The Morel TiCW 1058Ft’s Bl(X) curve, shown in Figure 5, is very broad and mostly symmetrical with a slight tilt, typical of a driver with substantial XMAX. The Bl symmetry curve shown in Figure 6 has a small 1-mm Bl coil-10 (rearward) offset at 6.5 mm, which was a reasonable area of certainty for the analyzer.

Figure 7 shows the KMS(X), which definitely has a degree of asymmetry, with small amount of coil-out offset. Figure 8 shows the KMS symmetry curve, which indicates a trivial 0.9-mm coil-out (forward) offset with a high degree of certainty at the 6.5-mm excursion point. However, because of the progressive nature of this suspension, the Klippel analyzer did not graph data beyond 8 mm for Bl or compliance. 

The TiCW 1058Ft’s displacement limiting numbers calculated by the Klippel analyzer using the subwoofer criteria for Bl was XBl at 70% (Bl dropping to 70% of its maximum value) equal to greater than 6.7 mm for the prescribed 20% distortion level (the criterion for subwoofers). For the compliance, crossover (XC) at 50% CMS minimum was 5.5 mm (less than the physical XMAX of this driver). For the Morel driver, this means the compliance is the most limiting factor for getting to the 20% distortion level. 

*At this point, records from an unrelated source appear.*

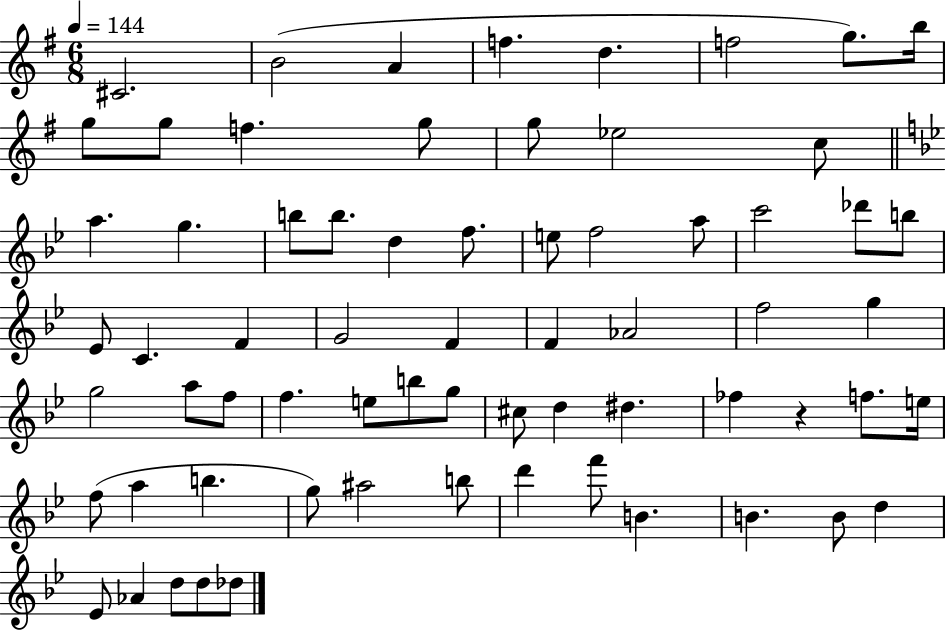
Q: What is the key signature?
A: G major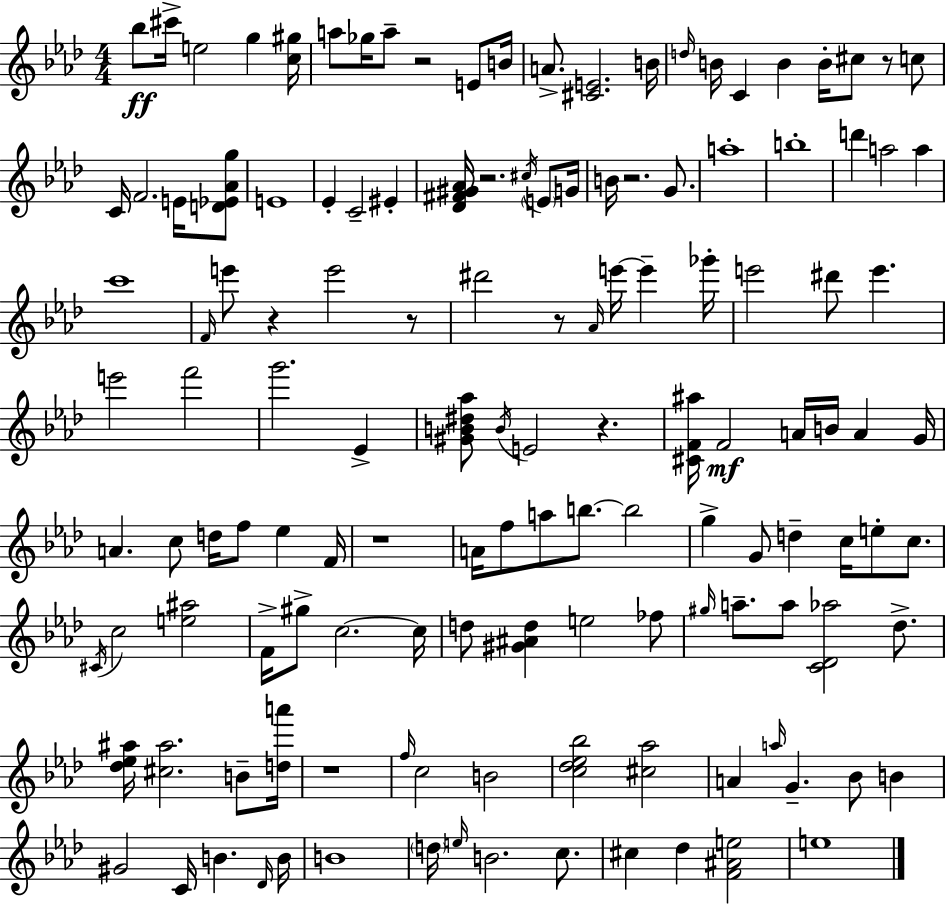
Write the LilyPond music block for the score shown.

{
  \clef treble
  \numericTimeSignature
  \time 4/4
  \key aes \major
  \repeat volta 2 { bes''8\ff cis'''16-> e''2 g''4 <c'' gis''>16 | a''8 ges''16 a''8-- r2 e'8 b'16 | a'8.-> <cis' e'>2. b'16 | \grace { d''16 } b'16 c'4 b'4 b'16-. cis''8 r8 c''8 | \break c'16 f'2. e'16 <d' ees' aes' g''>8 | e'1 | ees'4-. c'2-- eis'4-. | <des' fis' gis' aes'>16 r2. \acciaccatura { cis''16 } \parenthesize e'8 | \break g'16 b'16 r2. g'8. | a''1-. | b''1-. | d'''4 a''2 a''4 | \break c'''1 | \grace { f'16 } e'''8 r4 e'''2 | r8 dis'''2 r8 \grace { aes'16 } e'''16~~ e'''4-- | ges'''16-. e'''2 dis'''8 e'''4. | \break e'''2 f'''2 | g'''2. | ees'4-> <gis' b' dis'' aes''>8 \acciaccatura { b'16 } e'2 r4. | <cis' f' ais''>16 f'2\mf a'16 b'16 | \break a'4 g'16 a'4. c''8 d''16 f''8 | ees''4 f'16 r1 | a'16 f''8 a''8 b''8.~~ b''2 | g''4-> g'8 d''4-- c''16 | \break e''8-. c''8. \acciaccatura { cis'16 } c''2 <e'' ais''>2 | f'16-> gis''8-> c''2.~~ | c''16 d''8 <gis' ais' d''>4 e''2 | fes''8 \grace { gis''16 } a''8.-- a''8 <c' des' aes''>2 | \break des''8.-> <des'' ees'' ais''>16 <cis'' ais''>2. | b'8-- <d'' a'''>16 r1 | \grace { f''16 } c''2 | b'2 <c'' des'' ees'' bes''>2 | \break <cis'' aes''>2 a'4 \grace { a''16 } g'4.-- | bes'8 b'4 gis'2 | c'16 b'4. \grace { des'16 } b'16 b'1 | \parenthesize d''16 \grace { e''16 } b'2. | \break c''8. cis''4 des''4 | <f' ais' e''>2 e''1 | } \bar "|."
}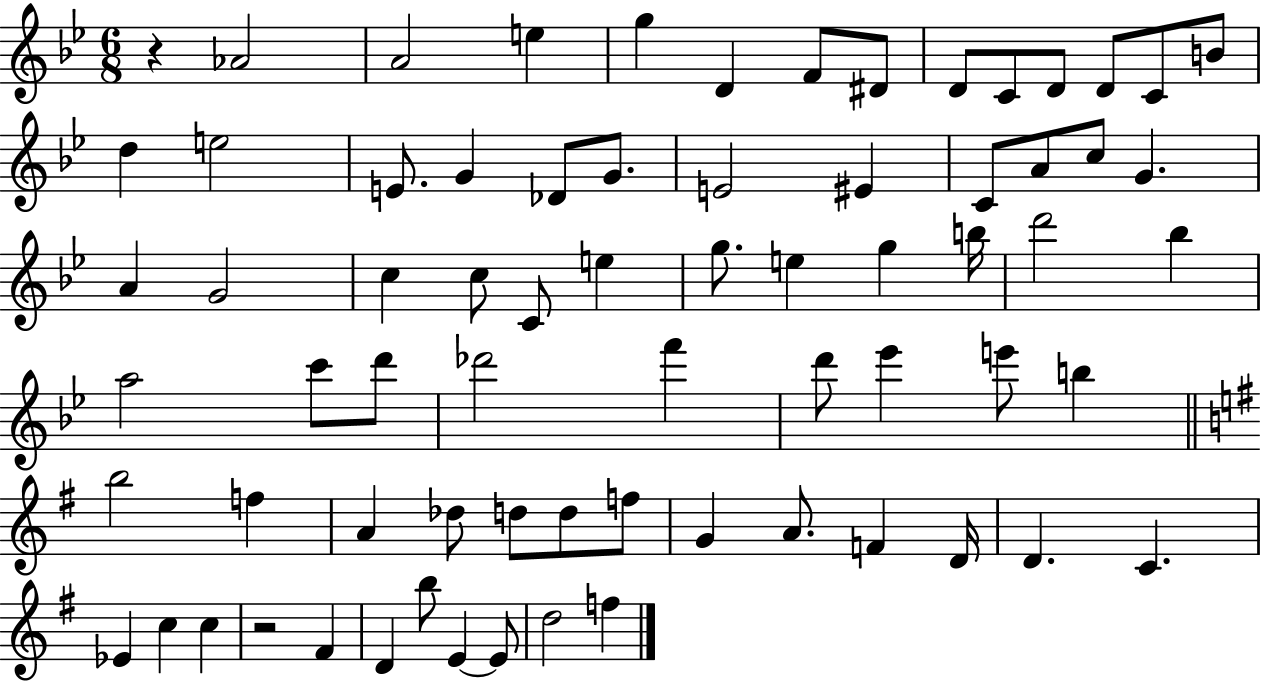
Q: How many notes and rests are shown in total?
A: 71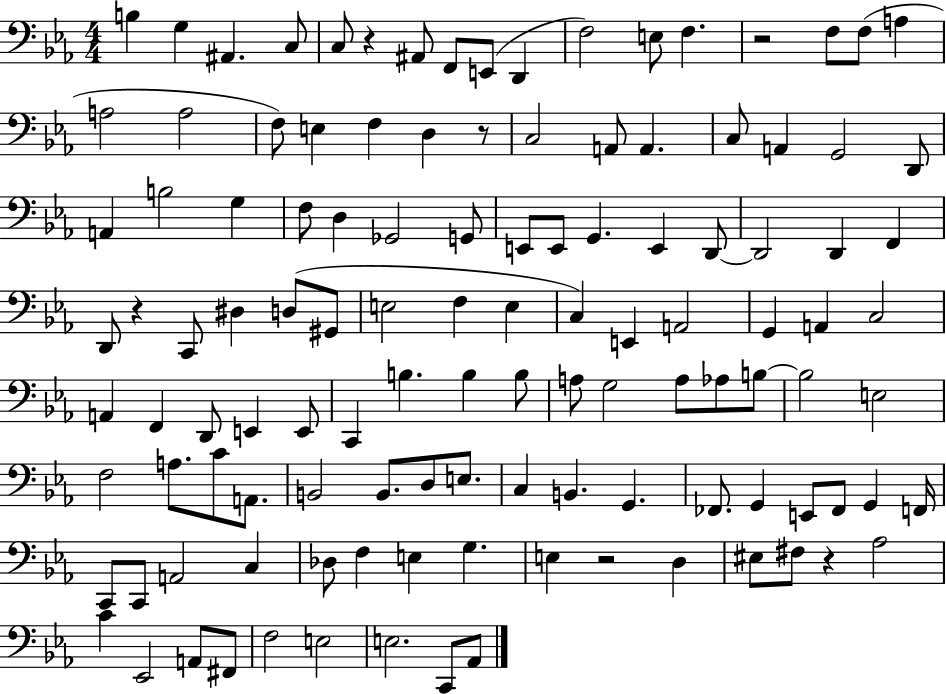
{
  \clef bass
  \numericTimeSignature
  \time 4/4
  \key ees \major
  \repeat volta 2 { b4 g4 ais,4. c8 | c8 r4 ais,8 f,8 e,8( d,4 | f2) e8 f4. | r2 f8 f8( a4 | \break a2 a2 | f8) e4 f4 d4 r8 | c2 a,8 a,4. | c8 a,4 g,2 d,8 | \break a,4 b2 g4 | f8 d4 ges,2 g,8 | e,8 e,8 g,4. e,4 d,8~~ | d,2 d,4 f,4 | \break d,8 r4 c,8 dis4 d8( gis,8 | e2 f4 e4 | c4) e,4 a,2 | g,4 a,4 c2 | \break a,4 f,4 d,8 e,4 e,8 | c,4 b4. b4 b8 | a8 g2 a8 aes8 b8~~ | b2 e2 | \break f2 a8. c'8 a,8. | b,2 b,8. d8 e8. | c4 b,4. g,4. | fes,8. g,4 e,8 fes,8 g,4 f,16 | \break c,8 c,8 a,2 c4 | des8 f4 e4 g4. | e4 r2 d4 | eis8 fis8 r4 aes2 | \break c'4 ees,2 a,8 fis,8 | f2 e2 | e2. c,8 aes,8 | } \bar "|."
}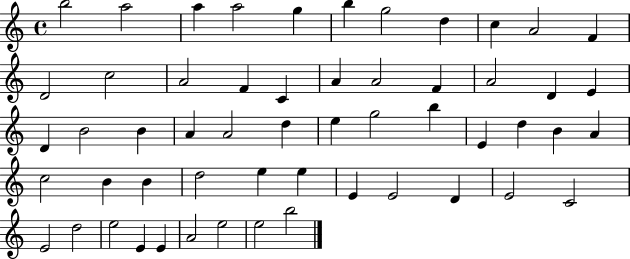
{
  \clef treble
  \time 4/4
  \defaultTimeSignature
  \key c \major
  b''2 a''2 | a''4 a''2 g''4 | b''4 g''2 d''4 | c''4 a'2 f'4 | \break d'2 c''2 | a'2 f'4 c'4 | a'4 a'2 f'4 | a'2 d'4 e'4 | \break d'4 b'2 b'4 | a'4 a'2 d''4 | e''4 g''2 b''4 | e'4 d''4 b'4 a'4 | \break c''2 b'4 b'4 | d''2 e''4 e''4 | e'4 e'2 d'4 | e'2 c'2 | \break e'2 d''2 | e''2 e'4 e'4 | a'2 e''2 | e''2 b''2 | \break \bar "|."
}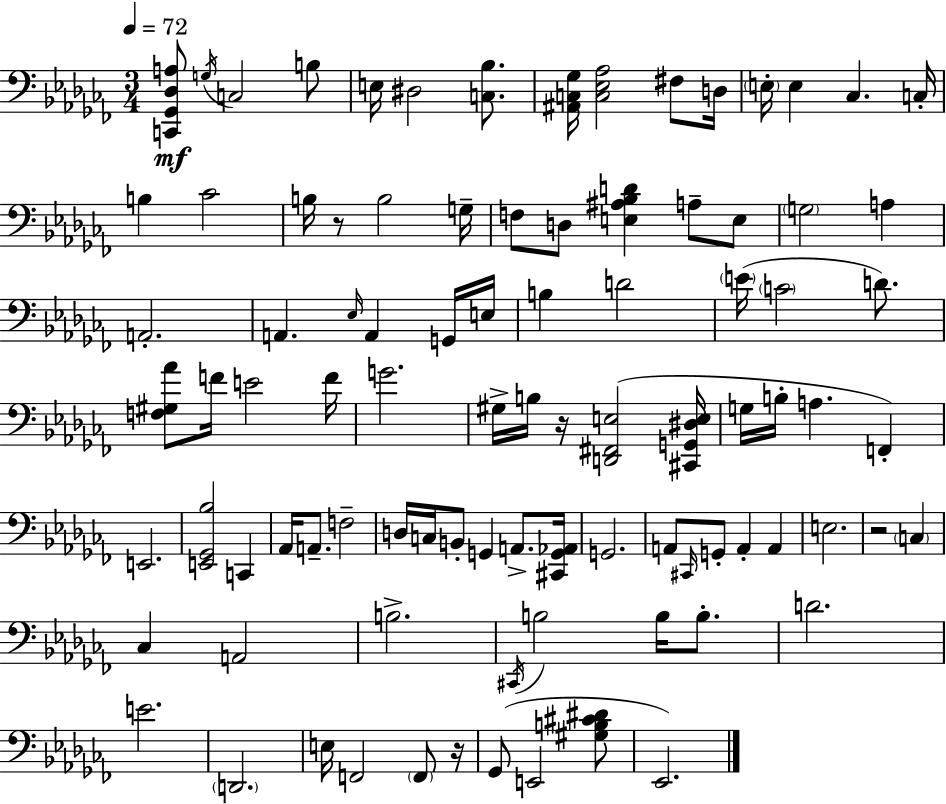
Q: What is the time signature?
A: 3/4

While it is obvious the compliance is being limited by the relatively small spider (7” outer diameter, 5.1” inner diameter), compliance induced distortion is the least offending type of driver distortion of all the various elements that contribute to distortion.

And, high levels of subwoofer distortion that exceed 20% are just really not that subjectively hearable, which is a point that has been frequently made by some well respected industry engineers. So while this driver does not fit a lot of conventional criteria, it is an extremely well constructed, high power handling 10” subwoofer (600 W nominal DIN rated), that will, because of the progressive compliance braking resulting from the tight suspension, take a licking and keep on ticking.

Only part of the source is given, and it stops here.